The second passage was taken from the defense of the Gospel by Peter on the Day of Pentecost in Acts:
Acts 2:24 But God raised Him up again, putting an end to the agony of death (hades), since it was impossible for Him to be held in its power. ….27 Because You will not abandon my soul to Hades, Nor allow Your Holy One to undergo decay…”
The third passage was found in a letter of Paul to the Ephesian church where he wrote about the work of Jesus in what appeared to be His death and burial.
Ephesians 4:7 But to each one of us grace was given according to the measure of Christ’s gift. 8 Therefore it says, “When He ascended on high, He led captive a host of captives, And He gave gifts to men.” 9 (Now this expression, “He ascended,” what does it mean except that He also had descended into the lower parts of the earth? 10 He who descended is Himself also He who ascended far above all the heavens, so that He might fill all things.)
Add these passages to the one we have been reading in 1 Peter 3, and the explanation sounds like this:
“Followers of the God of Abraham who died under the Atonement Law (that is before Jesus paid for sin “once for all” at the Cross, went to “Abraham’s Bosom”, while unbelievers went to Hades and looked across a fixed gulf, watching those who awaited redemption. When Jesus died, His body lay in the tomb, but His soul swooped into Abraham’s Bosom and released all the “captive souls” by the good news that sin’s payment was now complete. If that scenario was true, then Peter’s words meant that Jesus released them from a God-ordained captivity and waiting place.” The only problem with that explanation is that it is completely false. A close inspection of each of the supporting passages breaks apart the ideas. Let’s take apart the evidence more carefully.
The case of the parable of Jesus should be examined.
As we look more closely at the story, we should understand the parable of the rich man and Lazarus is no less a parable because a name is mentioned. In the genre of the day, using names was an option in offering a parable. The notion that because Lazarus was named the story was historical is totally without historical merit.
Note the parable before this one of the unjust steward. If one used the details of that parable to highlight truth, instead of keeping the main point as the focus, we could teach that conniving and cheating was commended by Jesus. Clearly the best understanding of a parable comes by “keeping the main thing as the main thing!” The point of Jesus’ parable wasn’t to show what the afterlife was like (that was a mere detail), but to teach that those who will not heed the Scriptures will not heed one coming back from the dead to tell them the truth. Therefore, Limbo was not a purposed part of the teaching from the passage at all, but part of an illustration in a parable that had an entirely different point. It can be ascribed little more meaning than naming the Prodigal Son or trying to find the “place” where the Good Samaritan took the man beaten by thieves. It was a story with a point – and the point is all that mattered.
Peter’s preaching in Acts 2 didn’t indicate a Limbo at all.

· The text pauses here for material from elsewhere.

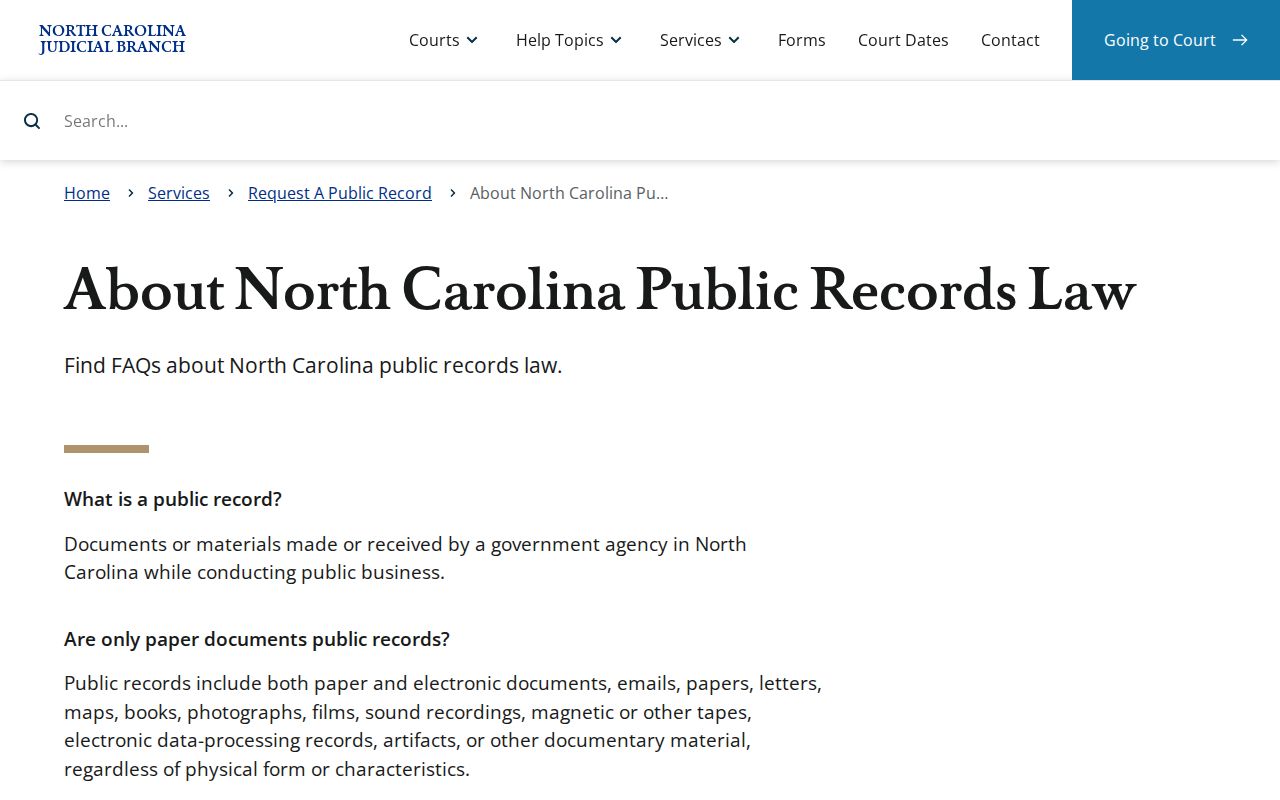 Jackson County court records North Carolina public records law information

The point of Peter’s argument was NOT that David knew HE would be released from a holding place by Messiah, but that Messiah wouldn’t be held in the grave, but would be raised from the grave. Peter identified the one in Hades as Messiah, not David. He also made clear that remaining in whatever place he was referencing would have brought about “decay” of the one who was there. Does that sound likethe definition of “hades” in that case related to a place for souls in that passage or should be interpreted as the alternative meaning of “the grave” from which Jesus came on Resurrection Day? Since it was a place of decay, Limbo wasn’t in view in Acts 2, but the bodily resurrection of Messiah was being argued in that passage.
In Ephesians 4, Paul didn’t say that “Jesus went into the inner parts of the earth.”
This passage seems clear: Jesus went into the lower parts of the earth – except that doesn’t take into account the first reading of the translation. Grammatically, the structure of the passage appears to be what is called a “genitive of apposition” and should rightly be translated: “Jesus descended from Heaven into the lower parts of the universe, namely the earth, and that same Jesus ascended from the earth into Heaven.” This is a form in Greek that is familiar to Paul’s writings:
• In Colossians 1:18, Paul wrote: “He is the head of the body, (namely) the church” (Could not be translated, ‘the body of the church’.).
• In Romans 4:11, Paul wrote “and he received the sign, which is circumcision“
• In 2 Corinthians 5:5 Paul wrote “Who has given to us the down payment which is the Spirit.”.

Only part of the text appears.